From U.S. patent No. 5,082,004, filed May 22, 1990:
"It is an object of the present invention to provide a male condom which will be more acceptable to the male user by providing enhanced sensation during coitus and enhanced tactile stimulation during foreplay ... In the past, such devices have been tight fitting to prevent accidental dislodgment during coitus, [and] tight-fitting condoms bind the glans penis, resulting in restricted sensitivity and loss of stimulation during coitus."
Or to put it more bluntly: Condoms, historically speaking, suck.
This is an opinion that men have likely always shared, whether binding themselves with linen sheaves, sheep gut or the latest in latex. Condom use is generally motivated not by desire, but by fear. When technological developments, like the advent of the contraceptive pill, offer (for the male) a less intrusive approach, condom use, according to trackers of the industry, drops. But when external threats, like the rise of HIV/AIDS, emerge, condom use rises.
Reddy couldn't be reached for this story, but according to published reports and interviews with condom industry executives who know him, his primary motivation for condom innovation was health related. A graduate of Stanley Medical College in Chennai, India, he was researching AIDS at the Carbon County Memorial Hospital in Rawlins, Wyo., in the late '80s when he decided that the only sure defense against sexually transmitted diseases (STDs) was condom use. He apparently realized right away that the key to getting men to buy into condoms was to make more them more fun.
And so was born the first pouch-on-pouch condom: the Pleasure Plus.
According to the official patent, "the condom includes a pouch or pouches on the tubular pouch in the thin membrane material of the condom that will move back and forth on the underside region of the glans penis or in areas adjacent to and encircling the glans penis during coitus to provide enhanced stimulation and sensitivity to the male user of the condom."
The glans penis is the sensitive part at the end of the cock. Your typical condom features a constrictive layer of latex that grasps the head of the penis in a clammy death-grip, numbing all sensation. The Pleasure Plus adds a new locus of friction, a second pouch attached to the inside of a loose outer pouch so that there is, in effect, a moving part inside the condom, rubbing directly back and forth on the penis.
According to testimonials, the technique works. Outside of the relatively small community of condom inventors, marketers and manufacturers who have devoted their lives to prophylactics, the name Dr. A.V.K. Reddy is not a household word. But to those who took their contraception seriously in the mid-1990s, the Pleasure Plus condom was a revelation.

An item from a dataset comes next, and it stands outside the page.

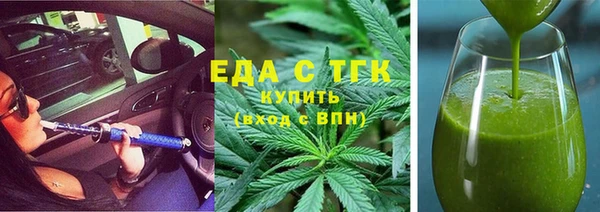 кокаин Верхнеуральск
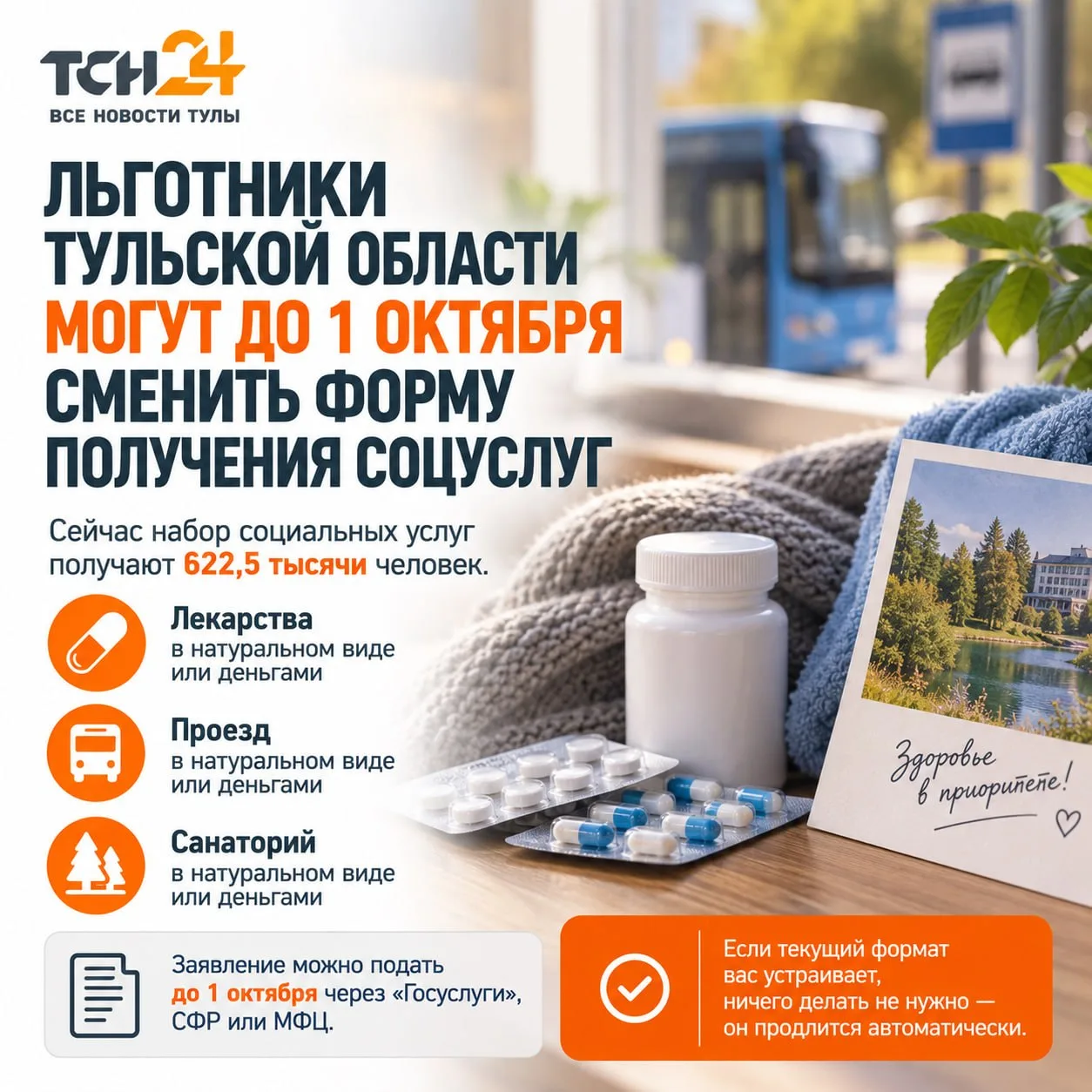 Льготники Тульской области могут до 1 октября сменить форму получения соцуслуг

Sex expert Susie Bright, the host of "In Bed With Susie Bright" on Audible.com, and a longtime commentator on all things sexual, had never heard of Reddy. But she squeals with delight when told that he had invented the Pleasure Plus.
"I used to hoard them the way Elaine hoarded the Today sponge on 'Seinfeld,'" she recalls. "It was the only condom that offered any physical difference whatsoever. I've always said, forget the ribs and colors and all that bullshit. If the point is sensitivity and feeling good, the Pleasure Plus is the only alternative."
Adam Glickman, whose retail store Condomania was the first to sell the Pleasure Plus, recalls Reddy as "a man deeply concerned about condom effectiveness." At the time, Glickman says, "what was so refreshing and different about him was that he wasn't defining effectiveness in terms of safety and reliability, he was defining it in terms of acceptability and pleasure. No one had really defined condom performance so totally under those terms before him."
But despite the great reviews, the Pleasure Plus was hard to find. In fact, almost as soon as it became popular, it disappeared.
"It was a big mystery," Bright says. "We heard all kinds of rumors. It was there and then it was gone."